Auch die großen und mittelständischen Brauereien im Land punkten mit neuen Produkten und international honorierter Qualität. Neben Sorte und Geschmack zählt für immer mehr Menschen inzwischen aber auch, wo, wie und von wem der traditionelle Gerstensaft zubereitet wird.
Im Burgenland wird etwa aktuell eine alte Biersorte zurück auf die Getränkekarten geholt: In der Brauerei Kobersdorf präsentierte der Lebensmitteltechnologe Roland Pöttschacher kürzlich das erste Bohnenbier Österreichs (der KURIER berichtete).
Kein „Männergetränk“
Seit vergangener Woche ist in Wien außerdem das feministische Craftbeer "Muschicraft“ erhältlich. Hinter dem einprägsamen Namen steht die ehemalige Wiener Sozialarbeiterin Anna Sophie Tschannett, die mit dem Klischee von Bier als klassisches "Männergetränk“ aufräumen will. Gebraut wird das feministische Getränk in der Braumanufaktur Schalken in Wien-Ottakring – vegan und nachhaltig und in Zusammenarbeit mit einer Brauerin.
Doch nicht nur im 16. Wiener Gemeindebezirk, sondern auch im 23. wird regelmäßig der Braukessel angeworfen – und zwar im Kellergeschoß des Pensionistenheims Haus Atzgersdorf.
„Hellmut“ und „Hellga“
Unter fachmännischer Anleitung braut, befüllt und etikettiert dort ein Team aus sechs bis acht Personen einmal pro Woche Wiener Lager und Helles. Die Sorten tragen die Namen „Oma“, „Opa“, „Hellmut“ und „Hellga“. Denn die Bewohnerinnen und Bewohner des Pensionistenheims werden in sämtliche Schritte des Herstellungsprozesses miteinbezogen: vom Einmaischen über das Flaschenwaschen bis zum Zustoppeln und Aufkleben der Etiketten.
"Viele unserer Bewohnerinnen und Bewohner schätzen ein Glaserl in Ehren. Und sind daran interessiert zu wissen, wie das Bier ins Glaserl kommt“, sagt Robert Guschelbauer, Bereichsleiter des Gastronomischen Managements.
Das Bierbrauen ist Teil der Betreuung im Heim, eine sinnvolle Beschäftigung und soll außerdem die Teilhabe und Motorik der Bewohnerinnen und Bewohner fördern, so die Heimleitung.
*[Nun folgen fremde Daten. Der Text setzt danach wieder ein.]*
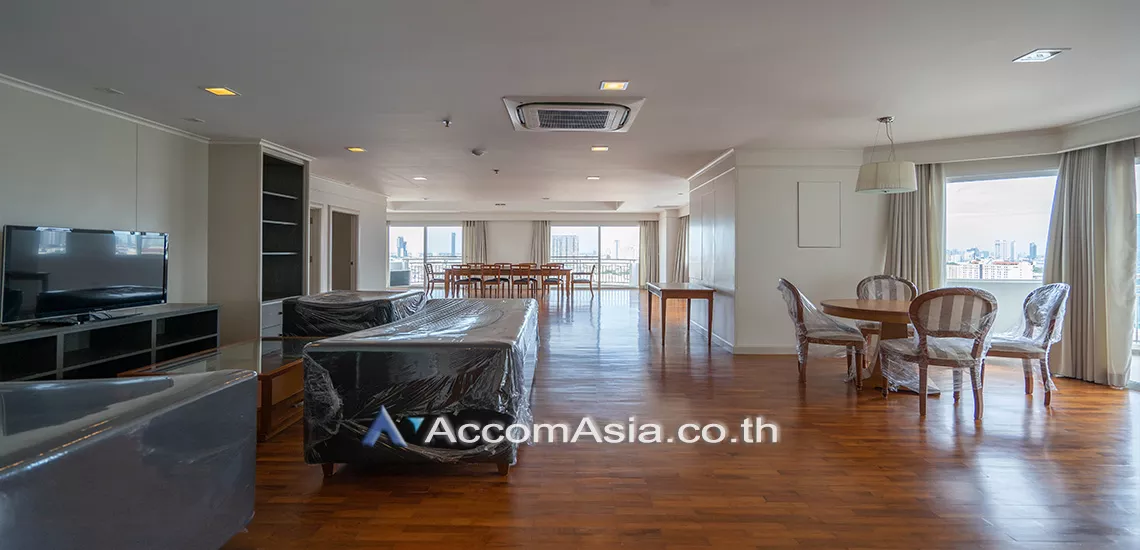 Duplex Condo, Penthouse |  Perfect life in Bangkok Apartment  4 Bedroom for Rent BRT Technic Krungthep in Sathorn Bangkok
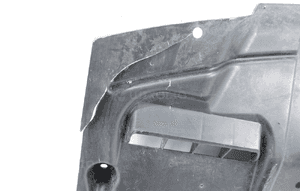Płyta osłon pod silnik hyundai I30 12- K3HGD-88000 4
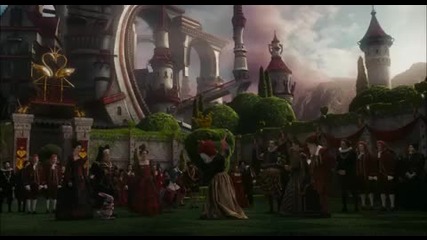 Alice In Wonderland - Official World Featurete [hd]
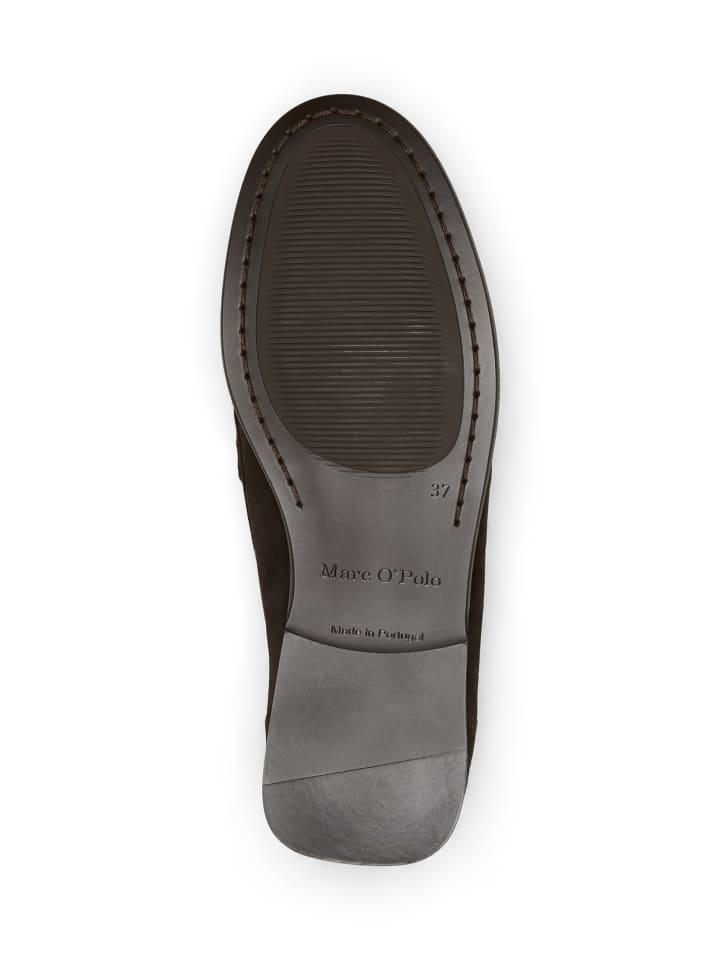 Penny-Loafer Model Fiona in Burnt Coffee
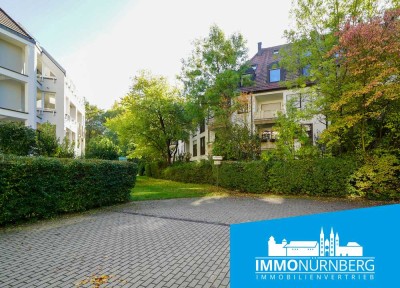 Kapitalanlage: Vermietete Wohnung am Oberen Wöhrder See in St. Jobst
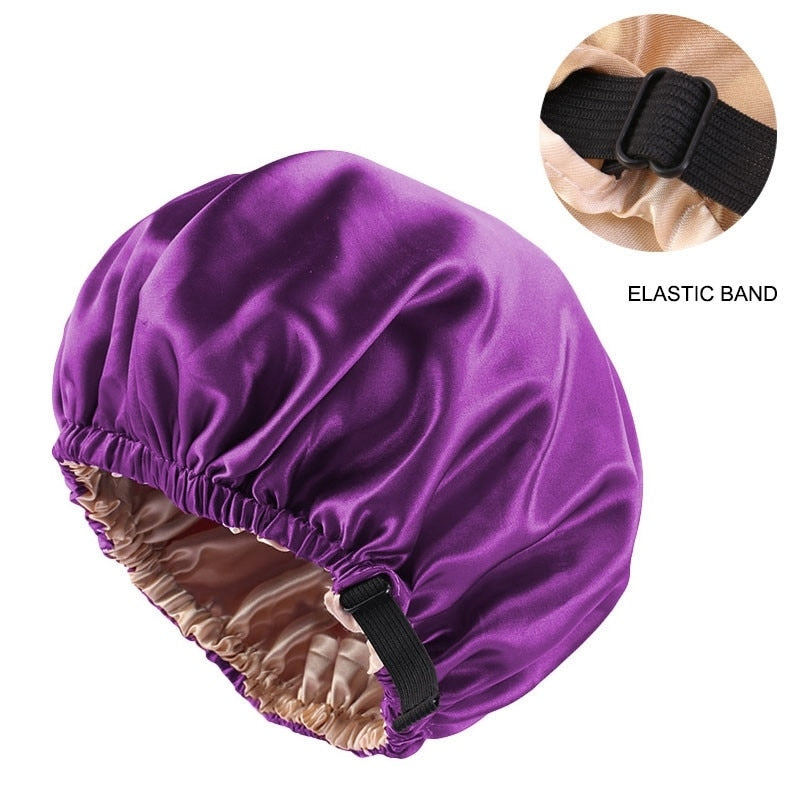 Satin Hair Cap - Glow Formula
Der Brauprozess – und vor allem der dabei entstehende Geruch – wecke außerdem das Erinnerungsvermögen der betagten Brauerinnen und Brauer.
"Wir fangen rechtzeitig an unserem Brautag an und spätestens wenn wir beim Malzmahlen sind, werden die Bewohner von dem herrlichen Duft, der durch das ganze Haus zieht, angelockt“, erzählt Projektleiter Christoph Gruber.
Großes Sortiment
Zu kaufen gibt es die Biersorten für zwei Euro pro Flaschen in allen 30 Heimen der „Häuser zum Leben“. Das selbst gebraute „Oma“- und „Opa“-Bier ist aber nicht das einzige Produkt, das in den Pensionistenheimen entsteht.
Die Bewohnerinnen und Bewohner produzieren außerdem eigenen Honig, Kräutermischungen, Nussschnaps, Kuchen und Naschereien in der hauseigenen Patisserie.